Parallel HDF5 test failures (power9 / lustre / openmpi / ucx)


#1

Hi all,

I’m trying to get HDF5’s parallel tests to complete and am having difficulty. I’m on the following platform:

  • RHEL7
  • GCC 4.8.5 (OS supplied)
  • openmpi 4.0.5 (built against ucx 1.9.0)
  • Lustre 2.12.5
  • IBM power9
  • MOFED 4.7.3

If I run using openmpi’s ROMIO support, the tests timeout (even with the alarm set to an hour) during testphdf5 (last line printed is “Testing – multi-chunk collective chunk io (cchunk3)”).
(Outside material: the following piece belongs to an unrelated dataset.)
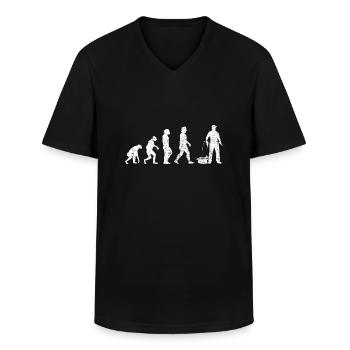Artisan Mécanicien Tournevis Artisanat - T-shirt col V Homme - noir - Devant - AI Model Male 178 dark (178cm)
If I run using openmpi’s (default) ompio support, testphdf5 completes (good), but testph5diff.sh fails because of about 800 extra lines in the test output of the form:

[1605284505.746115] [login2:139887:0] tag_match.c:61 UCX WARN unexpected tag-receive descriptor 0x20001e594000 was not matched

Has anyone seen these UCX errors before when testing HDF5, please?

Is ompio better than romio for HDF5 with openmpi on Lustre these days?

Thanks,

Mark


#2

There is at least one known and still open bug with OpenMPI + romio + lustre + HDF5:


The workaround is to switch from romio to ompio for this particular bug at least.


#3

I’m seeing the same building hdf5 1.10.7 on Fedora Rawhide with openmpi 4.1.1rc1 and ucx 1.9.0. According to https://github.com/openucx/ucx/issues/6331 these messages are the result of the program not receiving all of the messages sent to it and so points to an issue with the tests or HDF5 library itself.